TASK TO CARRY OUT →
In the records below, find the line that contains "Trator Massey Ferguson MF362: foto 33" and the line that contains "902 HIGHLAND ST ST — photo 12". Set down exactly those lines and every line between them, and nothing more.

Crawled caption data
- - -

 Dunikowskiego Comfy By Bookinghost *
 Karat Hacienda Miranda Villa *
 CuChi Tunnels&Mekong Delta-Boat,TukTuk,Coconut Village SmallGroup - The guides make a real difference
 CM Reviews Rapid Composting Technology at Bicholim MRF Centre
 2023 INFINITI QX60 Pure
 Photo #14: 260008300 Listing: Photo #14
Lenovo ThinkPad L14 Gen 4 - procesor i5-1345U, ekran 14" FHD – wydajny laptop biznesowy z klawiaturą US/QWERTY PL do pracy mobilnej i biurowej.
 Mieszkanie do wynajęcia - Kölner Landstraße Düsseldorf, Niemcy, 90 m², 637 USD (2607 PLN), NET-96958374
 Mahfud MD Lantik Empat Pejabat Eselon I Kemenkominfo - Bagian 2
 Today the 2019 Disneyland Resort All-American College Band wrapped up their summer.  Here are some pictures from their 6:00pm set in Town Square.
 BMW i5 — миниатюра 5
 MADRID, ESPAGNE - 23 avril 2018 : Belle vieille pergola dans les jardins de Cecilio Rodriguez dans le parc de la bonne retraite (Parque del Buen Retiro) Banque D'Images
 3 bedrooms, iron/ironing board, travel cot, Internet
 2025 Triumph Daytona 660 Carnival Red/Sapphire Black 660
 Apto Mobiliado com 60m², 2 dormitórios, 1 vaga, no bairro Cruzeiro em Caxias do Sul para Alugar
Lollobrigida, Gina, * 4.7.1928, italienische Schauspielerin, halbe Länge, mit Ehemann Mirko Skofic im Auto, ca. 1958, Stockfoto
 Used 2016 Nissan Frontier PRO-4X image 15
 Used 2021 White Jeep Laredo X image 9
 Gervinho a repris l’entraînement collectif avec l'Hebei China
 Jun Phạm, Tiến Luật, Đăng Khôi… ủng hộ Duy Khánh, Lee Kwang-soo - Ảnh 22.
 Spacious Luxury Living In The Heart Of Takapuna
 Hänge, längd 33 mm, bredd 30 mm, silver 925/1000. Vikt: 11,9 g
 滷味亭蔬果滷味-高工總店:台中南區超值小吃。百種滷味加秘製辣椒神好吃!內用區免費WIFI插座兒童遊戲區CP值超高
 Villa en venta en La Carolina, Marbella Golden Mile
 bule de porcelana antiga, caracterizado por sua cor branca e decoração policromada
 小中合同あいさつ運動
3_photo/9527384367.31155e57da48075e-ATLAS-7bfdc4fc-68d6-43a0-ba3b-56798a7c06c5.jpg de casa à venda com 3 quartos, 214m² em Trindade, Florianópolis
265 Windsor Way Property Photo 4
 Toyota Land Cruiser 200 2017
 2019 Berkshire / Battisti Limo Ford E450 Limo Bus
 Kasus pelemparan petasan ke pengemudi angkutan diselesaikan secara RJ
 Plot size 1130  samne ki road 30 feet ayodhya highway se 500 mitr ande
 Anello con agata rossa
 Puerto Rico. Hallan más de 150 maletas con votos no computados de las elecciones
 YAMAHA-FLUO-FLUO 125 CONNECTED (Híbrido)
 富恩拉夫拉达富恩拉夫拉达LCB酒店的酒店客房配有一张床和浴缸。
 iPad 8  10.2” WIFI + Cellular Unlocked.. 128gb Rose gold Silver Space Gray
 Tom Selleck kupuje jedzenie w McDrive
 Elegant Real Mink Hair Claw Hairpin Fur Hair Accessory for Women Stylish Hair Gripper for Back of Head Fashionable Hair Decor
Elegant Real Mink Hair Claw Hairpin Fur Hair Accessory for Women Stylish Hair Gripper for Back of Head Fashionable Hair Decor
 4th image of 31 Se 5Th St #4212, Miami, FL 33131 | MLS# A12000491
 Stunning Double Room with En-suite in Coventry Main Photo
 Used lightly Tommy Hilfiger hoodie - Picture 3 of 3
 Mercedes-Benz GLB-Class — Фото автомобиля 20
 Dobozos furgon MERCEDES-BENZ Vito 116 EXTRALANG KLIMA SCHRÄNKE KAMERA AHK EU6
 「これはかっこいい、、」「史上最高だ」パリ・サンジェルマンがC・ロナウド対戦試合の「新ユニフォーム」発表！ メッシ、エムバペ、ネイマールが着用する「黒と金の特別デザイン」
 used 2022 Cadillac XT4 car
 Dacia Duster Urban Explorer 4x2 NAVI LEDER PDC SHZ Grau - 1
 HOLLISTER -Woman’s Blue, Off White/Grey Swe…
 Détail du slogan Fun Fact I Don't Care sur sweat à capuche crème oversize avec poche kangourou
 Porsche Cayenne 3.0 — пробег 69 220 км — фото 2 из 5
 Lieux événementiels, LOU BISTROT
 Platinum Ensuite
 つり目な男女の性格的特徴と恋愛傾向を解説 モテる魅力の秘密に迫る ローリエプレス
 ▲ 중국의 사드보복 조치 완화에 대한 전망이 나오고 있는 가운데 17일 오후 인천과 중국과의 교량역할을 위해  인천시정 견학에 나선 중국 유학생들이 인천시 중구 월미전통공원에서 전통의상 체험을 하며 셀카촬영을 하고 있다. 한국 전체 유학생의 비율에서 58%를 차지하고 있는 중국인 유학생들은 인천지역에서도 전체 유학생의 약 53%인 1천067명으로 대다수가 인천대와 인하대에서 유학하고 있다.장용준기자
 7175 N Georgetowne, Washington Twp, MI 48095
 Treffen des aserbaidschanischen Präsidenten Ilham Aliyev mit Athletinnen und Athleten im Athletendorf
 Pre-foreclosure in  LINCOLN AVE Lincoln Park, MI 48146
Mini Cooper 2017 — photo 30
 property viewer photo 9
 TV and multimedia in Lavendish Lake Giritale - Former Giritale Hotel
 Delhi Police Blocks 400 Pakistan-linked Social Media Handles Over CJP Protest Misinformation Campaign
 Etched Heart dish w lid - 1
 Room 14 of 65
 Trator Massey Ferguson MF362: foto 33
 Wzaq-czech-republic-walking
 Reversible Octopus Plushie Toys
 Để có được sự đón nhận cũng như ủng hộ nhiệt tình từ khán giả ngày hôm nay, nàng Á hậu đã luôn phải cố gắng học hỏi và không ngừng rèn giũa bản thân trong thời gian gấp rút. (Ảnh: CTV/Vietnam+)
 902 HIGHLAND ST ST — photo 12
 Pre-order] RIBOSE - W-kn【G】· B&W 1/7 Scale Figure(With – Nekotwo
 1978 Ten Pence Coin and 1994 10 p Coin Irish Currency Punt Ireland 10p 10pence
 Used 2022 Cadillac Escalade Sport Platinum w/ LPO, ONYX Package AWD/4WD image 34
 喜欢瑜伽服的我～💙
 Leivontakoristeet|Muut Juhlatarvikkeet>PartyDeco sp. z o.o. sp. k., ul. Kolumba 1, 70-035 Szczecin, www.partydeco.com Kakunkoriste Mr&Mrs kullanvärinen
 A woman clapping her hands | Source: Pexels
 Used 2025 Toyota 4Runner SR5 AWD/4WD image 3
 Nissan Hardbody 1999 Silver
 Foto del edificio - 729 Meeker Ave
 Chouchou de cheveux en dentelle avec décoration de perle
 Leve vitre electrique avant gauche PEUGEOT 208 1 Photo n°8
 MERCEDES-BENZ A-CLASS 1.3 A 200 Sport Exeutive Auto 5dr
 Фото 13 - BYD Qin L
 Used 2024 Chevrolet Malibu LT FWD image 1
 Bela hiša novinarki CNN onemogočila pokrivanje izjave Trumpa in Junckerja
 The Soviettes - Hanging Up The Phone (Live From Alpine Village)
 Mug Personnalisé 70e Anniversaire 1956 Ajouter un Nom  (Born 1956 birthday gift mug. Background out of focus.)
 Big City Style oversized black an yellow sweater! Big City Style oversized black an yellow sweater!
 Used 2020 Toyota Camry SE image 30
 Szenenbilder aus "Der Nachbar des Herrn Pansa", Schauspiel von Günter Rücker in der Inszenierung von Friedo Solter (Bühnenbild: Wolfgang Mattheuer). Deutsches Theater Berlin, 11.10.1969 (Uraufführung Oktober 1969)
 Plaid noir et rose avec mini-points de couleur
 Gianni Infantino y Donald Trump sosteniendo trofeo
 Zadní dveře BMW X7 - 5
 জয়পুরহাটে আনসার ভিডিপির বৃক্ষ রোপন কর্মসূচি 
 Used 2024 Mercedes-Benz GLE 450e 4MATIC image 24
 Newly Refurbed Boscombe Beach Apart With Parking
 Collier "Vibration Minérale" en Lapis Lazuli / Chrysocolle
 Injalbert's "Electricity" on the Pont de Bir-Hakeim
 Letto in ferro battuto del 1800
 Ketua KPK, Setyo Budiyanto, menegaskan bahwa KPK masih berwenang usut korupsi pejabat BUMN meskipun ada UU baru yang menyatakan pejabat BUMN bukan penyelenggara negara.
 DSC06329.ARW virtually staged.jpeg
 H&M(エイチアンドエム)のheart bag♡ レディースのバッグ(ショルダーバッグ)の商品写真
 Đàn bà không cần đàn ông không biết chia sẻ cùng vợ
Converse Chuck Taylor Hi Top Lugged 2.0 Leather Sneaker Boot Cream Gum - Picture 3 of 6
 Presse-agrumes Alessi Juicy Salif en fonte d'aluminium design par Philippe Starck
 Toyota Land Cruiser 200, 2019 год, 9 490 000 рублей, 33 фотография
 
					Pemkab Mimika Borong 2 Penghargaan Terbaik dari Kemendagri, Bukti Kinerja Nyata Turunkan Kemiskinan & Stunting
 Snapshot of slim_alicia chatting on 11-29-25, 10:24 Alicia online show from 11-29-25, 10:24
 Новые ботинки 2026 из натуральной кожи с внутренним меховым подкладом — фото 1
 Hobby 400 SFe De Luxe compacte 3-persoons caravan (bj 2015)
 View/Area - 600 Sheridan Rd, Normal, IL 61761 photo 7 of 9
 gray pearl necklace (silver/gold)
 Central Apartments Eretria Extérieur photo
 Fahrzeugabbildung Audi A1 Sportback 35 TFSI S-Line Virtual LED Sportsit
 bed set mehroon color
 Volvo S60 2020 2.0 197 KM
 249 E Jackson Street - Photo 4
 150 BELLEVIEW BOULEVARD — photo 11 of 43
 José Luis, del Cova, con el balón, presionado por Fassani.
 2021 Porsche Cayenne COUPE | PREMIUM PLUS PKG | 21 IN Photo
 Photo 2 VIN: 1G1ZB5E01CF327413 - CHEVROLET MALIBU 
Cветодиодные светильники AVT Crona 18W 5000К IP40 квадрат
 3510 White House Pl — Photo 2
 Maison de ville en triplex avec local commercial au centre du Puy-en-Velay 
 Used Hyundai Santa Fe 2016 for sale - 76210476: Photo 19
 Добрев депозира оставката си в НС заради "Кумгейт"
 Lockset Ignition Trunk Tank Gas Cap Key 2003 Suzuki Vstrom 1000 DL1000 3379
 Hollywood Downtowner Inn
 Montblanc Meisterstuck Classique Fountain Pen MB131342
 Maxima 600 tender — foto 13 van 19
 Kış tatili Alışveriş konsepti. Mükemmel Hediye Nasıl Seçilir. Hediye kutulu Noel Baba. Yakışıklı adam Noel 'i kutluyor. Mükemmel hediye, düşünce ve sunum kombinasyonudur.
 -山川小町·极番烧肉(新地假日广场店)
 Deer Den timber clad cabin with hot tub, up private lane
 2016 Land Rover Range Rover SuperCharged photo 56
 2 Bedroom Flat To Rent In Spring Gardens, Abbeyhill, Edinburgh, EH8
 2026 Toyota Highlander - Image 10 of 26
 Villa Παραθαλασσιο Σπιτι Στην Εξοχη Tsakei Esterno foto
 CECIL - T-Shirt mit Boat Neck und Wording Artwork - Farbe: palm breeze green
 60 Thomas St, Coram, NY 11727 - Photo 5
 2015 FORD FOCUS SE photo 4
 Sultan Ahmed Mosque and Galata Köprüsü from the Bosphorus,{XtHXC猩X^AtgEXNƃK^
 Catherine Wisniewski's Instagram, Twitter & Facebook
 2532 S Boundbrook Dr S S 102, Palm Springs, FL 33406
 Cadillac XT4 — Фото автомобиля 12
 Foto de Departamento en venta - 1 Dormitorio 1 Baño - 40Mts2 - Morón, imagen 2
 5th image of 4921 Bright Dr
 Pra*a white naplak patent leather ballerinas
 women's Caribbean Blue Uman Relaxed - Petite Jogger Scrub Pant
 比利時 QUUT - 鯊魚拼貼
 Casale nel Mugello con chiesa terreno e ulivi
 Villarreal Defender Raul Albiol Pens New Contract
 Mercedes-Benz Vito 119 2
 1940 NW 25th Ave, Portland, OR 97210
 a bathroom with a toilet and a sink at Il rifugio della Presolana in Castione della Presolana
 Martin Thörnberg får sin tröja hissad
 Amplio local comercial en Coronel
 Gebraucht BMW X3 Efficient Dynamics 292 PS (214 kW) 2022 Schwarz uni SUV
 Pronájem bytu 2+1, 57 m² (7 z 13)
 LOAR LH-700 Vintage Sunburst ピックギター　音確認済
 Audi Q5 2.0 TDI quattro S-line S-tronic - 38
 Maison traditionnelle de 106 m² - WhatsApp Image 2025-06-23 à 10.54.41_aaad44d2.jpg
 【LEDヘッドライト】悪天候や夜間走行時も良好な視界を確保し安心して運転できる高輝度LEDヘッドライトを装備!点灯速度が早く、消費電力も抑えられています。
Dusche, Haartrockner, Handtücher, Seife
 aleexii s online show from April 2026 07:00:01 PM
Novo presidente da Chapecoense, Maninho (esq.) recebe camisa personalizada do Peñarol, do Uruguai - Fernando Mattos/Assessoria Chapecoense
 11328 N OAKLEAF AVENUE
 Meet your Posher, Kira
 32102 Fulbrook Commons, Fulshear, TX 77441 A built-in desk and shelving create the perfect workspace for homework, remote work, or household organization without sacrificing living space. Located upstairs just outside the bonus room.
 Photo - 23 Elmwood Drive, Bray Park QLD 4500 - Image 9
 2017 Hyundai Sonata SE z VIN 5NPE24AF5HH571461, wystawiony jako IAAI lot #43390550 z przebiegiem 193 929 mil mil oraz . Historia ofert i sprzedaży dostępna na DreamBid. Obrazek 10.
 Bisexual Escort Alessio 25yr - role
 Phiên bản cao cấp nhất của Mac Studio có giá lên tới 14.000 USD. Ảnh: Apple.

- - -

SOLUTION FOR THIS TASK →
 Trator Massey Ferguson MF362: foto 33
 Wzaq-czech-republic-walking
 Reversible Octopus Plushie Toys
 Để có được sự đón nhận cũng như ủng hộ nhiệt tình từ khán giả ngày hôm nay, nàng Á hậu đã luôn phải cố gắng học hỏi và không ngừng rèn giũa bản thân trong thời gian gấp rút. (Ảnh: CTV/Vietnam+)
 902 HIGHLAND ST ST — photo 12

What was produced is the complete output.